** Data provided follows **
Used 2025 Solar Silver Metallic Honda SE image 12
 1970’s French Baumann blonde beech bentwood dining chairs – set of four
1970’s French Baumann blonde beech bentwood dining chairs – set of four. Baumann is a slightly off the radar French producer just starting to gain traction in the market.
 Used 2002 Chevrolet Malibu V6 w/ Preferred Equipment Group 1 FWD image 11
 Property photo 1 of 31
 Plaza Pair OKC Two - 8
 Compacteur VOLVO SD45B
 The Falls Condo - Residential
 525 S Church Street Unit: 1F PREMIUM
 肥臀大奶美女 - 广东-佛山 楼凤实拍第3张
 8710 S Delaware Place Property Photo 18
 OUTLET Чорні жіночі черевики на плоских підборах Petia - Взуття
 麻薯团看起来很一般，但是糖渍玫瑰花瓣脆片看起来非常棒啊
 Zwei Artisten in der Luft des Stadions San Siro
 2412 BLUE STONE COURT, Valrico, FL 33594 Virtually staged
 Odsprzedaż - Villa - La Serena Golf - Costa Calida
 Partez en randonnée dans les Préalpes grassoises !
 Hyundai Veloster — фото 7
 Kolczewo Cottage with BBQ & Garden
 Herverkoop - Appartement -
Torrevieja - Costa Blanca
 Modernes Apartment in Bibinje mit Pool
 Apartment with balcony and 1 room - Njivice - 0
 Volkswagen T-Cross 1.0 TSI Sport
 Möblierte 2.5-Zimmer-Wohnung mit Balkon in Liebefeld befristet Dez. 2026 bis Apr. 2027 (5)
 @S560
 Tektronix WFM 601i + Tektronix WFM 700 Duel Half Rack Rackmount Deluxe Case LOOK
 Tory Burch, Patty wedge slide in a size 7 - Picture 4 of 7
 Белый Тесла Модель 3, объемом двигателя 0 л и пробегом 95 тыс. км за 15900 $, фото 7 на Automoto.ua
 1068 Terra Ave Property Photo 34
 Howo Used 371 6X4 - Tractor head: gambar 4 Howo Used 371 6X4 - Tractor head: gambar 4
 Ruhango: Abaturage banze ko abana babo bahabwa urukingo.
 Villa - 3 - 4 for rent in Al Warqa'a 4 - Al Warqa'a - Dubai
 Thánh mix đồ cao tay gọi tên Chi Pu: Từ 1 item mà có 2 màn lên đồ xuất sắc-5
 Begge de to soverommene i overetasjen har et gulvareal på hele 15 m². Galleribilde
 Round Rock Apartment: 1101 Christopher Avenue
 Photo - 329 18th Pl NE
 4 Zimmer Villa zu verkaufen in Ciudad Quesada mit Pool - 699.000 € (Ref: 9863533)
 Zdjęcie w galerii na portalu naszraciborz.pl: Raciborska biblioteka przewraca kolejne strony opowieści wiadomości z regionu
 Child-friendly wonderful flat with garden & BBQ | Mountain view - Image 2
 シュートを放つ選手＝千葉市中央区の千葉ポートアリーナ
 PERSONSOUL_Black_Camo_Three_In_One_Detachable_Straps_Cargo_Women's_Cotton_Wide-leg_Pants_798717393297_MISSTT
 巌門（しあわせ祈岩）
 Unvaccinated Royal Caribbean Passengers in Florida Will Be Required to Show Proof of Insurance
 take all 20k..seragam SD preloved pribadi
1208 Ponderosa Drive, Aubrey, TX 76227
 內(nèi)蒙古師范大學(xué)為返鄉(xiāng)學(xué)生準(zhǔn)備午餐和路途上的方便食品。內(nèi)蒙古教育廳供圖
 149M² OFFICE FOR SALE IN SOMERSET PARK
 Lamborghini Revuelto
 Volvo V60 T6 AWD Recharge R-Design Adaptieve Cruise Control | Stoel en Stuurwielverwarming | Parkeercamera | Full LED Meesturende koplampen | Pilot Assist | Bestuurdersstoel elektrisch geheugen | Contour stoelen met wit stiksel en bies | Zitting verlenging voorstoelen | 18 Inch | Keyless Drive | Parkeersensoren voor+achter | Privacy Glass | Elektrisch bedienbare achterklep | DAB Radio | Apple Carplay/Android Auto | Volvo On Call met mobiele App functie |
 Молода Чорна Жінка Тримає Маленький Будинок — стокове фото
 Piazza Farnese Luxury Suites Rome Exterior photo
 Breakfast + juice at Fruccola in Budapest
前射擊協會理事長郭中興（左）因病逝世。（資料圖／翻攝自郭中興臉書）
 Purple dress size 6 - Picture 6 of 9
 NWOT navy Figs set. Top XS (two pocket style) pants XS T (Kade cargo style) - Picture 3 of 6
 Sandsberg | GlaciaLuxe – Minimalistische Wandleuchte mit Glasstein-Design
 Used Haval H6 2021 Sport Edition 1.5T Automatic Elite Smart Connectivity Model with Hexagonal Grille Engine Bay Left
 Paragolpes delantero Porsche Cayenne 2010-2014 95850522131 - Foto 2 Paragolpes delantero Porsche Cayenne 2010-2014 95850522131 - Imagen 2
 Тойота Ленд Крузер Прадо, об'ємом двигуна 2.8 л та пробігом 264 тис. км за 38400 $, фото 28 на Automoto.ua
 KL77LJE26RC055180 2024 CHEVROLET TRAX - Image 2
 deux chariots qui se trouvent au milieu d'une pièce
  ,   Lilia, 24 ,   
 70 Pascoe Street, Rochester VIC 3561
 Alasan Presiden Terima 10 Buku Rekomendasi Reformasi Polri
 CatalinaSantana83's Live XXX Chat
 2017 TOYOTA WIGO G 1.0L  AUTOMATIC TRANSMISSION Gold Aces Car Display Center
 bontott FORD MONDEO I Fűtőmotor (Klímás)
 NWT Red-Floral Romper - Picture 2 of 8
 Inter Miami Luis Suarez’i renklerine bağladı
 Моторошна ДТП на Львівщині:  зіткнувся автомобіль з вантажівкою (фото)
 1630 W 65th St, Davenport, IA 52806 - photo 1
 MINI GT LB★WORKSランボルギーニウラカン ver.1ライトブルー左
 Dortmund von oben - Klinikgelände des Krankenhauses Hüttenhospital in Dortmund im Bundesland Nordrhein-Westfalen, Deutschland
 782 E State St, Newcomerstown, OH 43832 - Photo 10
** End of Data provided **
**Problem to solve**: Without changing anything, quote the lines from the top of the data to the line that contains "Herverkoop - Appartement", including that line.

**Finished exercise**:
Used 2025 Solar Silver Metallic Honda SE image 12
 1970’s French Baumann blonde beech bentwood dining chairs – set of four
1970’s French Baumann blonde beech bentwood dining chairs – set of four. Baumann is a slightly off the radar French producer just starting to gain traction in the market.
 Used 2002 Chevrolet Malibu V6 w/ Preferred Equipment Group 1 FWD image 11
 Property photo 1 of 31
 Plaza Pair OKC Two - 8
 Compacteur VOLVO SD45B
 The Falls Condo - Residential
 525 S Church Street Unit: 1F PREMIUM
 肥臀大奶美女 - 广东-佛山 楼凤实拍第3张
 8710 S Delaware Place Property Photo 18
 OUTLET Чорні жіночі черевики на плоских підборах Petia - Взуття
 麻薯团看起来很一般，但是糖渍玫瑰花瓣脆片看起来非常棒啊
 Zwei Artisten in der Luft des Stadions San Siro
 2412 BLUE STONE COURT, Valrico, FL 33594 Virtually staged
 Odsprzedaż - Villa - La Serena Golf - Costa Calida
 Partez en randonnée dans les Préalpes grassoises !
 Hyundai Veloster — фото 7
 Kolczewo Cottage with BBQ & Garden
 Herverkoop - Appartement -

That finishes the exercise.